• Activity: With pictures omitted, copy exactly the lines from the one containing "BaubleBar Gold Slim Open Hoop Earrings" through the end of the records below.

• Data:
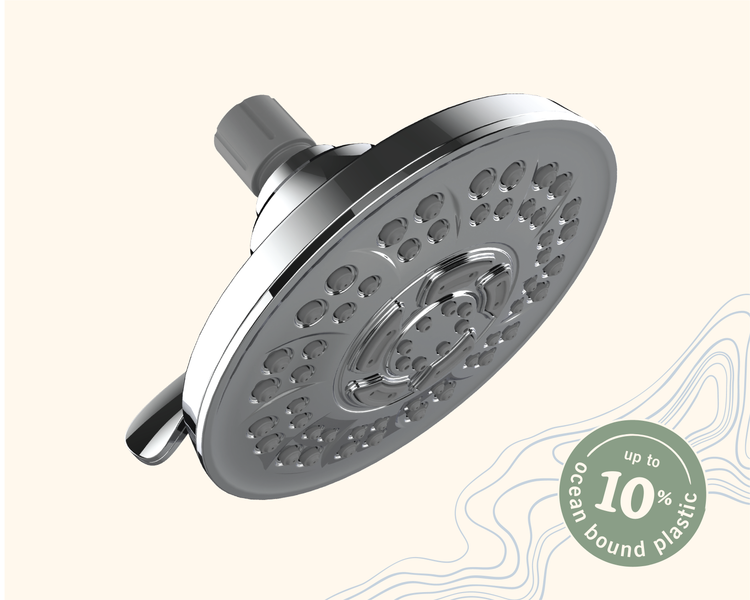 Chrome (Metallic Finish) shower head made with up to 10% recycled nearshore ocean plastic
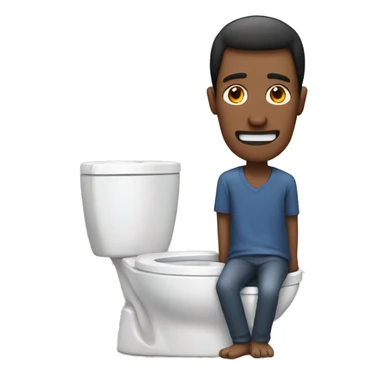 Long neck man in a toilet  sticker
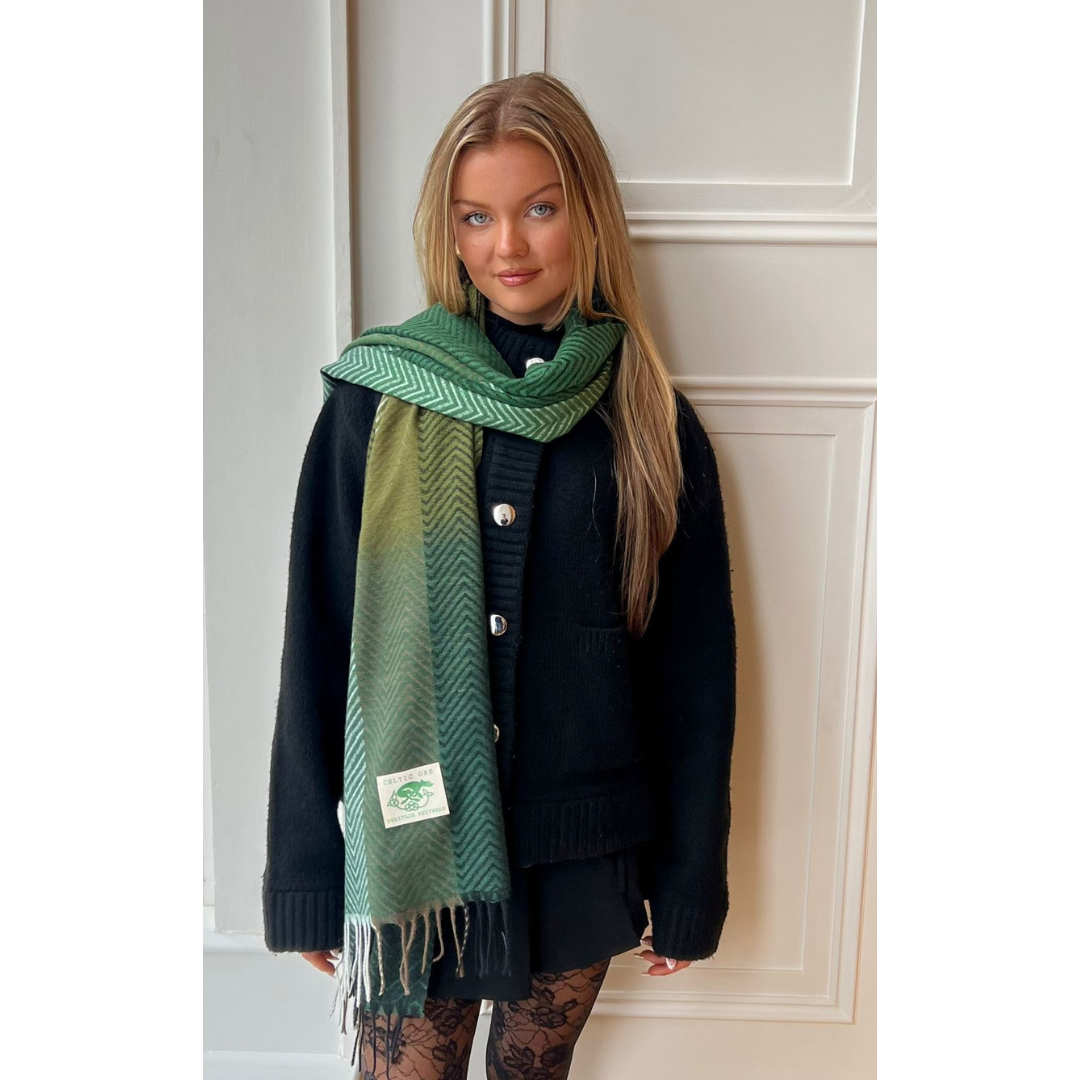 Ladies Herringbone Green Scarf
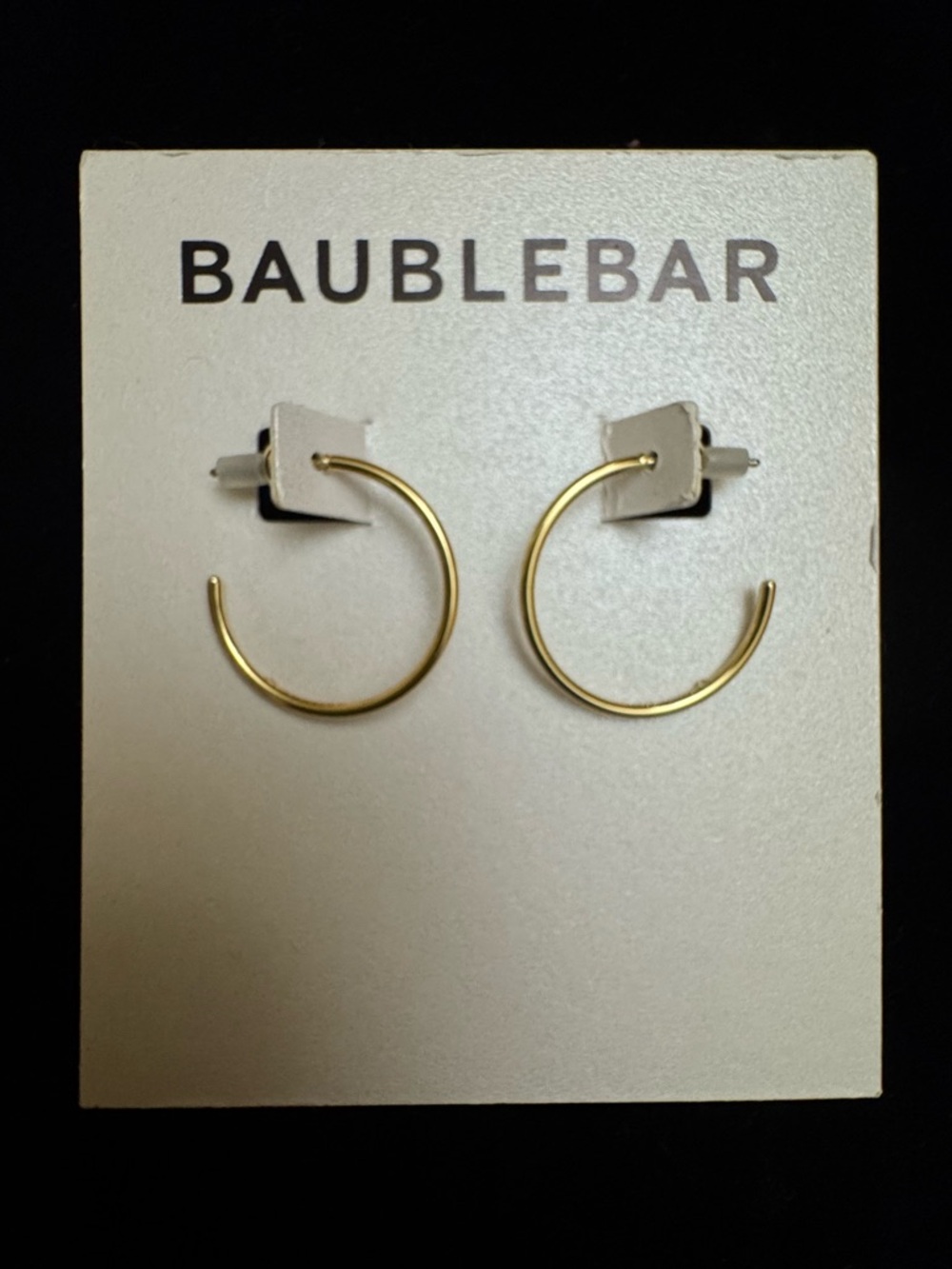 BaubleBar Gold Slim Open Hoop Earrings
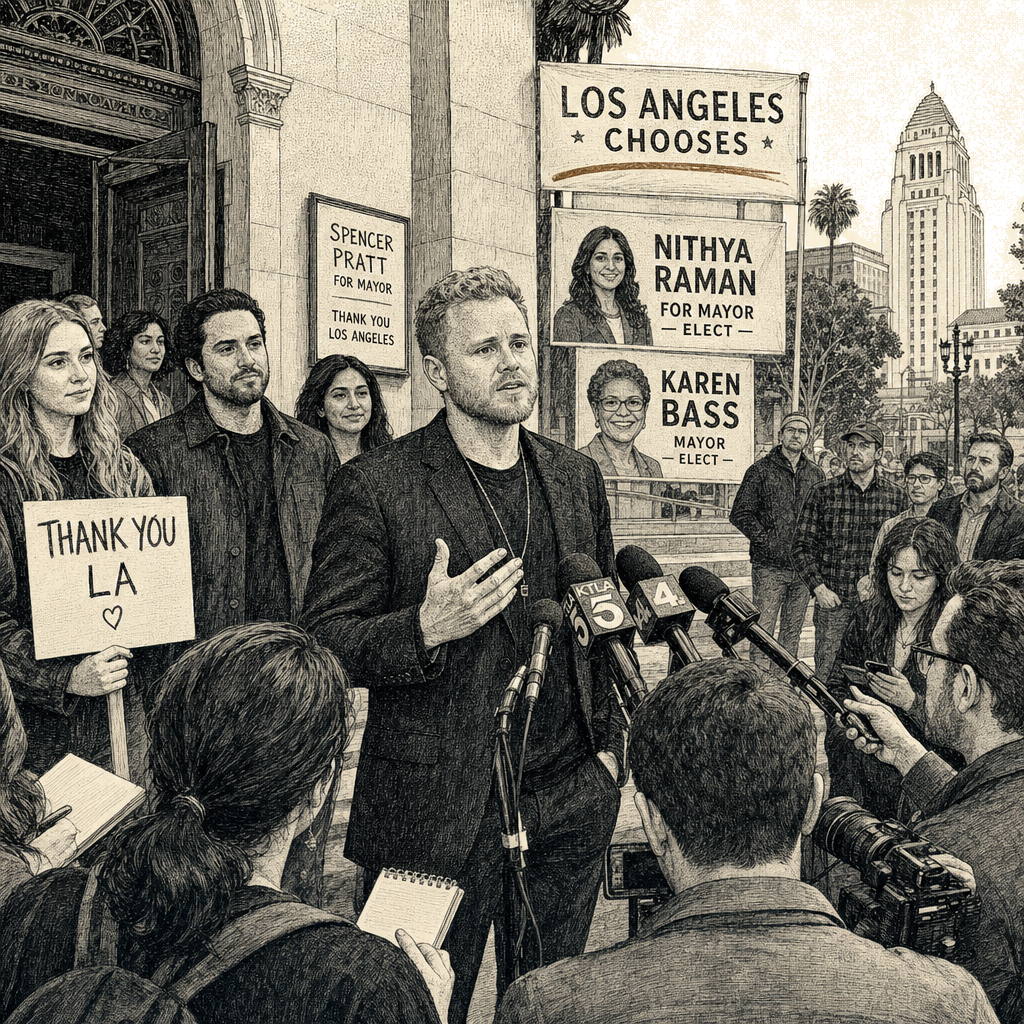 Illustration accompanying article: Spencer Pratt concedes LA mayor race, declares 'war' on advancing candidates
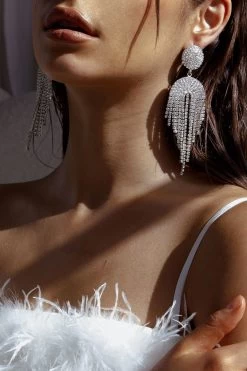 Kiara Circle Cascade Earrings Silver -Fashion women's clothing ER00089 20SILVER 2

• Expected answer:
 BaubleBar Gold Slim Open Hoop Earrings
 Illustration accompanying article: Spencer Pratt concedes LA mayor race, declares 'war' on advancing candidates
 Kiara Circle Cascade Earrings Silver -Fashion women's clothing ER00089 20SILVER 2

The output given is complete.